Dosya kapsamından, ZMSS poliçesi bulunmayan … plakalı aracın, 05/03/2010 tarihinde, davacının sürücüsü olduğu motosiklete çarpması nedeniyle meydana gelen trafik kazası neticesinde, davacının yaralandığı, davacının bu yaralanma nedeniyle işbu davada, bakıcı tazminatı talebinde bulunduğu ve Mahkemece yukarıda belirtildiği şekilde karar verildiği anlaşılmıştır.
2918 sayılı Karayolları Trafik Kanunu’nun 111. maddesinde; “Bu Kanunla öngörülen hukuki sorumluluğu kaldıran veya daraltan anlaşmalar geçersizdir. Tazminat miktarlarına ilişkin olup da yetersiz veya fahiş olduğu açıkça belli olan anlaşmalar veya uzlaşmalar yapıldıkları tarihten başlayarak iki yıl içinde iptal edilebilir.” hükmüne yer verilmiştir. Bu yasa hükmüne göre, hukuki sorumluluğu kaldıran veya daraltan anlaşmalar geçersizdir.

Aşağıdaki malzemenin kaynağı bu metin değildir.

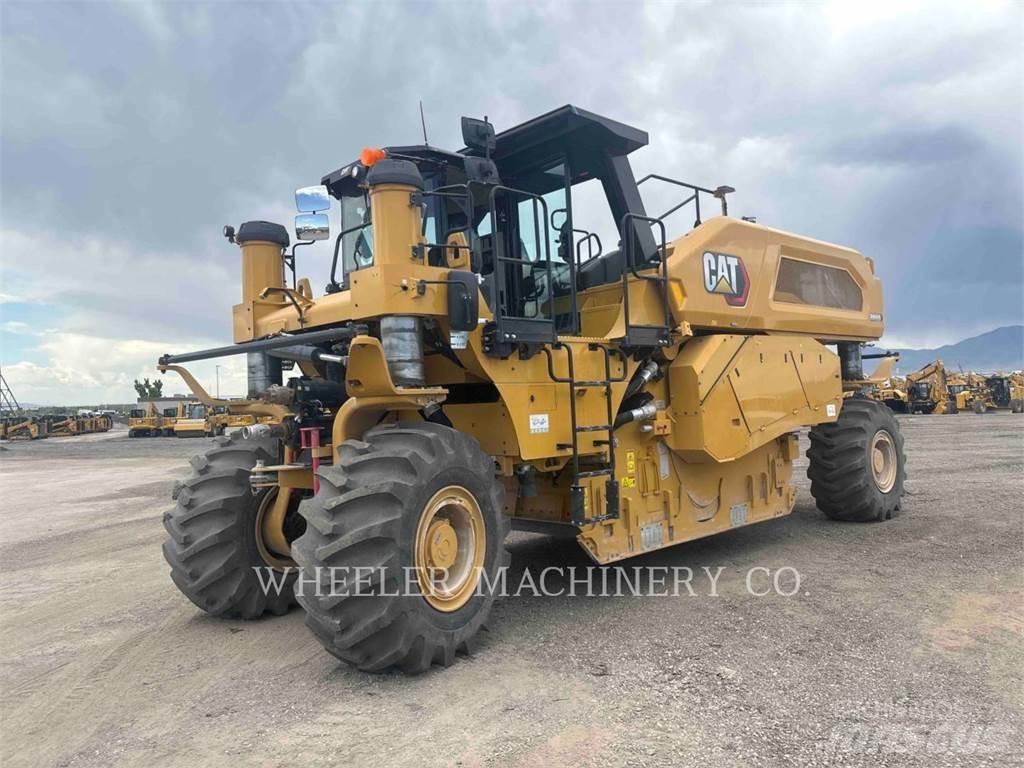 CAT RM800 Asphalt Recycling Equipment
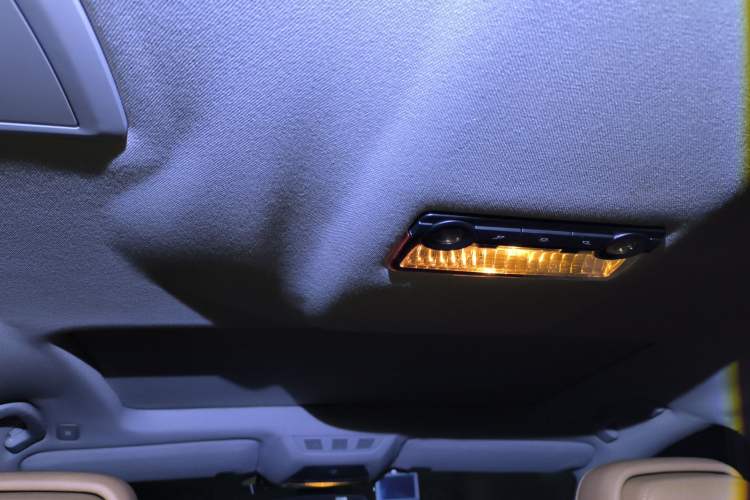 Used BMW 7 Series 2014 730Li Premium Edition Headliner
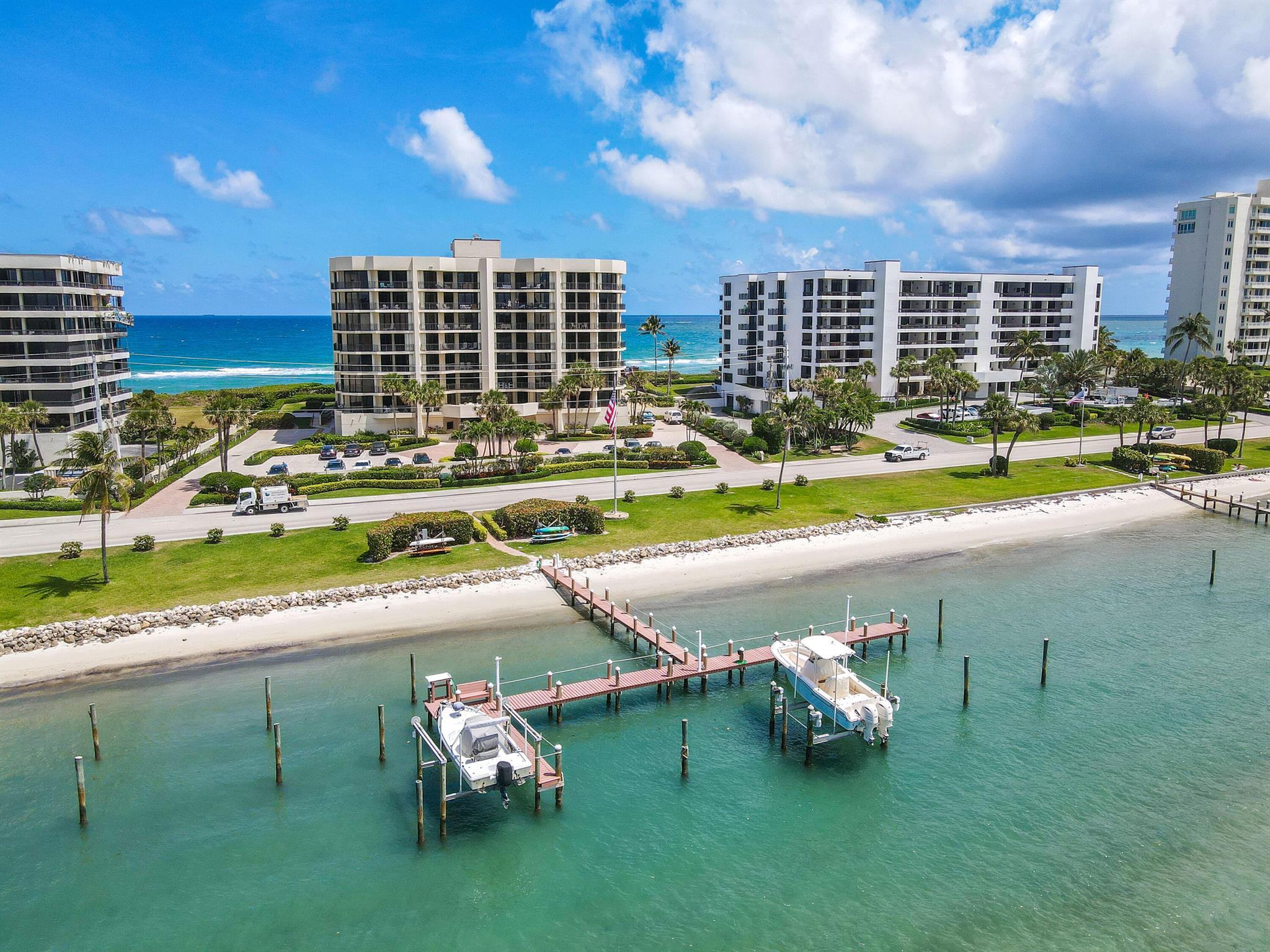 LANDFALL CONDO - Residential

Somut uyuşmazlıkta, Mahkemece her ne kadar 2918 sayılı Karayolları Trafik Kanunu’nun 111/2.maddesinde öngörülen iki yıllık hak düşürücü süre nedeniyle davanın reddine karar verilmiş ise de; taraflar arasında düzenlenen 08/08/2012 tarihli “Makbuz ve İbraname” başlıklı belgede, davacı tarafın fazlaya ilişkin haklarının saklı tutulduğu yazıldığından, öncelikle bu belgenin anılan maddede belirtilen ibraname olarak nitelendirilmesi doğru olmamıştır. Bu belge ancak bir ödeme makbuzu olarak değerlendirilebilir. Ayrıca davalı vekilinin cevap dilekçesinde ve ibranamede, davalı tarafça 08/08/2012 tarihinde yapılan ödemenin açık bir şekilde maluliyet tazminatı olduğu belirtilmiştir. Yargıtay 17. Hukuk Dairesinin 08/02/2021 tarih ve 2020/… Esas-2021/… Karar sayılı ilamı ile Dairemizin yerleşik kararlarında vurgulandığı üzere, sürekli bakıcı gideri zararı ZMSS poliçesindeki tedavi gideri teminatı kapsamında olduğundan, poliçedeki sakatlık teminatı kapsamında ödenen maluliyet tazminatına ilişkin ödeme makbuzunun, işbu davada talep edilen bakıcı gideri tazminatı yönünden dikkate alınması da doğru değildir. Bu nedenle, davacı vekilinin istinaf başvurusundaki iddia ve itirazlar yerinde görülmüştür.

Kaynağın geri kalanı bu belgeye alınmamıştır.